- **Activity**: Print exactly those lines that run from the beginning of the data to the line bearing "Wretton Road, Stoke", inclusive.

- **Data**:

Start of Block

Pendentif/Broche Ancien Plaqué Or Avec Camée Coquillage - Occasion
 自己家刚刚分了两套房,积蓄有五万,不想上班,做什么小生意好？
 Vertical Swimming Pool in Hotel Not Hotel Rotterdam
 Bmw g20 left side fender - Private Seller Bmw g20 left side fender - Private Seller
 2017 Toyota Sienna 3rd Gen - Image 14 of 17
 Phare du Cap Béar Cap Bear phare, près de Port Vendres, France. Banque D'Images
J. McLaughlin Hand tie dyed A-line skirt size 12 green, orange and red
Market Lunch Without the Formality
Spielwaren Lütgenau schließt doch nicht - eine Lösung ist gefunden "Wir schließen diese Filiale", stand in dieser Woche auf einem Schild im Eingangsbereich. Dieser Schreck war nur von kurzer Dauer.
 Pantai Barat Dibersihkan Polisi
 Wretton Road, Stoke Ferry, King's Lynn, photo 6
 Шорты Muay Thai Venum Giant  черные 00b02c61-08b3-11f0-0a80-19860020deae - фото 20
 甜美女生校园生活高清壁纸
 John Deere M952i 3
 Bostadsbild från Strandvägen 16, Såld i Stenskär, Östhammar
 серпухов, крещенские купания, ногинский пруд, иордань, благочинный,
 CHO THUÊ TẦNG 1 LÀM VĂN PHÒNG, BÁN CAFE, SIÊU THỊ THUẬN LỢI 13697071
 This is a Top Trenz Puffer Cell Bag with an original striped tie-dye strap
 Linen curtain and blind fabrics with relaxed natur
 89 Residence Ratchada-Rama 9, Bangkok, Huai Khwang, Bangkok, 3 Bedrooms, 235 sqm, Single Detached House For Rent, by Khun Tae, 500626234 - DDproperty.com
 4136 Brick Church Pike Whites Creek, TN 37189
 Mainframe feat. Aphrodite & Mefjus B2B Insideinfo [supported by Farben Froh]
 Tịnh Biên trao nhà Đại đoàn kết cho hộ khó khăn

End of Block

- **Finished task**:
Pendentif/Broche Ancien Plaqué Or Avec Camée Coquillage - Occasion
 自己家刚刚分了两套房,积蓄有五万,不想上班,做什么小生意好？
 Vertical Swimming Pool in Hotel Not Hotel Rotterdam
 Bmw g20 left side fender - Private Seller Bmw g20 left side fender - Private Seller
 2017 Toyota Sienna 3rd Gen - Image 14 of 17
 Phare du Cap Béar Cap Bear phare, près de Port Vendres, France. Banque D'Images
J. McLaughlin Hand tie dyed A-line skirt size 12 green, orange and red
Market Lunch Without the Formality
Spielwaren Lütgenau schließt doch nicht - eine Lösung ist gefunden "Wir schließen diese Filiale", stand in dieser Woche auf einem Schild im Eingangsbereich. Dieser Schreck war nur von kurzer Dauer.
 Pantai Barat Dibersihkan Polisi
 Wretton Road, Stoke Ferry, King's Lynn, photo 6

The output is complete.